Par ailleurs, cet injure se trouve à l’article 1047 du Code civil et vise une révocation particulière aux legs. Cette demande fondée sur une injure grave faite à la mémoire du donateur doit être intentée dans l’année, à compter du jour du délit (5).

Adultère : L’adultère de l’un des conjoints peut constituer une injure grave justifiant la révocation de la donation. L’infidélité des concubins au contraire n’est pas une injure grave.

Extension de la notion d’injure : Les juges du fond dont le pouvoir d’appréciation est pratiquement illimité ont élargi sensiblement le domaine de l’ingratitude de façon peu compatible à l’aspect de peine privée de la sanction. Cette extension est toutefois limitée par la tendance à tenir compte de l’attitude de l’offensé pouvant expliquer, sinon justifier, les injures du donataire.

Le juge du fond peut refuser la demande de révocation en raison du manque d’affection de la mère donatrice pour sa fille. S’agissant d’une sanction et d’une dérogation à l’exécution d’un acte juridique de donation, l’interprétation ne peut être que restrictive.

La même tendance se retrouve dans l’exigence d’une intention coupable de la part du donataire.

c) Refus d’aliments

Il est admis que le refus d’aliments peut justifier la révocation pour ingratitude alors même que le donataire n’est pas légalement tenu d’une obligation alimentaire. L’infraction suppose un acte volontaire.

Le donateur doit être dans le besoin. En principe, le refus d’aliments n’est pas constitué par la contestation du montant de la pension demandée. De son côté, le donataire doit avoir les moyens de fournir les aliments, sous forme de pension généralement. Une demande doit avoir été faite par le donateur.

Lorsqu’il existe d’autres débiteurs d’aliments, l’ordre à respecter semble être tranché par le juge du fond.

B. Action en révocation

La révocation est nécessairement judiciaire. Une clause de la donation prévoyant la révocation de plein droit ne serait guère utile puisque l’ingratitude doit être appréciée par la juge. L’action est personnelle au donateur. Elle ne peut être exercée à l’encontre des héritiers du donataire (Code civil., art. 957, al. 2).

Le donateur doit agir dans le bref délai d’un an. Ayant le choix entre la rigueur ou le pardon, il ne doit pas hésiter longtemps. La demande en révocation de la donation pour ingratitude doit être formée dans l’année du jour des faits imputés par le donateur au donataire (Code civil., art. 957).
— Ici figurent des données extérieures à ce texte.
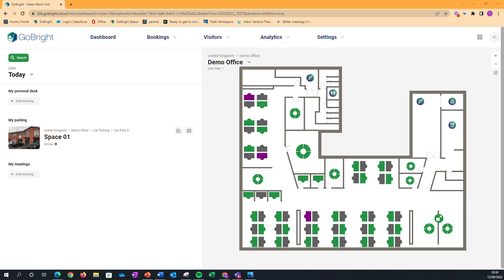We quite often get asked why users can book multiple desks at the same time. There are good reasons for that. You might have a visitor coming in who needs a desk while working alongside you, but they wouldn't have a GoBright account. However, you may want to restrict the number of desks a single individual can book to just one desk.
Si le point de départ du délai peut être reporté jusqu’au jour de la condamnation pénale du fait constituant l’ingratitude, le délai d’un an ne doit pas être expiré au jour de la mise en mouvement de l’action publique. Ainsi, à défaut d’exercice, dans le délai d’un an, de l’action publique pour vol, il y a prescription.

Le délai d’un an est suspendu jusqu’à la constatation pénale du délit, mais à condition qu’il n’ait pas expiré avant l’exercice de l’action. Des injures graves faites postérieurement peuvent ouvrir un nouveau délai.

Au contraire, une demande en expulsion de la donatrice formée par la donataire constitue un fait d’ingratitude immédiat et le délai court du jour de sa date.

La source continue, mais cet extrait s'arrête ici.